I remember feeling that yearning as a kid—and I didn’t even grow up in an interfaith household. I just wanted the dang tree.
The New York Times ran a silly piece on the tree-or-no-tree dilemma today, nearly ignoring the quandary parents face this time of year. Before Harry came along, I embraced the tree wholeheartedly. But since his birth, I’ve insisted we’d be sending mixed signals to have one. This year, I’m reconsidering.*
If your family is interfaith, how do you handle it?
* Well, reconsidering might not be the right tense. That picture up there? It was taken this morning.
I think it’s beautiful! There’s something about this season that no matter what your faith, makes you want to give joy to others, and I think you’ll have succeeded. I’m Catholic, and we don’t have a tree yet either! We focus on our Advent wreath and other preparations/decorations, and Santa brings the tree on Christmas Eve along with the gifts. It helps us keep the commercialism to a minimum if there aren’t wrapped presents sitting around, and it ups the excitement Christmas morning. 🙂
That’s a lovely tradition, Ellen! Merry Christmas to you & yours!
We’re not an interfaith family but we participate in the cultural aspects of holidays other than our own while explaining the religious significance those holidays hold for other families.
For example, we do not light a menorah but we make latkes, donuts, and other food together and tell the story of the miracle of Hanukkah and explain what may be done to celebrate in Jewish households and why.
I don’t think it sends mixed signals. I think it reaffirms to my children that just as our faith is important to us, different faiths are equally important to different people around the country and world, and helps my children to be well educated and compassionate members of a diverse society.

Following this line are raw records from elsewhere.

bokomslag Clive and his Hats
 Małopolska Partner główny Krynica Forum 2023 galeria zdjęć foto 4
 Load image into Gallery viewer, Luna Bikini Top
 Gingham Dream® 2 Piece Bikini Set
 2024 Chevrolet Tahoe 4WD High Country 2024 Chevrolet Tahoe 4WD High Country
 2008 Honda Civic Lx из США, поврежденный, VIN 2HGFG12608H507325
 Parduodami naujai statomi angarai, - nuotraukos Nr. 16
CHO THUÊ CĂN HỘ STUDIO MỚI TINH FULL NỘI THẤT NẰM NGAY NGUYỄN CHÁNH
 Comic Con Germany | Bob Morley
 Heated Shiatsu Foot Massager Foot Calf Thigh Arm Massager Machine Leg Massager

That is a silly article. My husband wasn’t Jewish when we married, and our ritual for years was that we started an excruciating conversation sometime in mid-November about whether or not we were going to have a tree. I was willing to do it if he wanted it, and it was always his decision as far as I was concerned. He knew it didn’t feel right to me. The year he decided to study for conversion we said “OK, no more Christmas trees”…and then his family descended on us for Christmas and we had one last tree. When our daughter was little, he took her to his mother’s for Christmas – I always work. At 14, she’s all in for Chanukah and enjoys Christmas as her friend’s houses.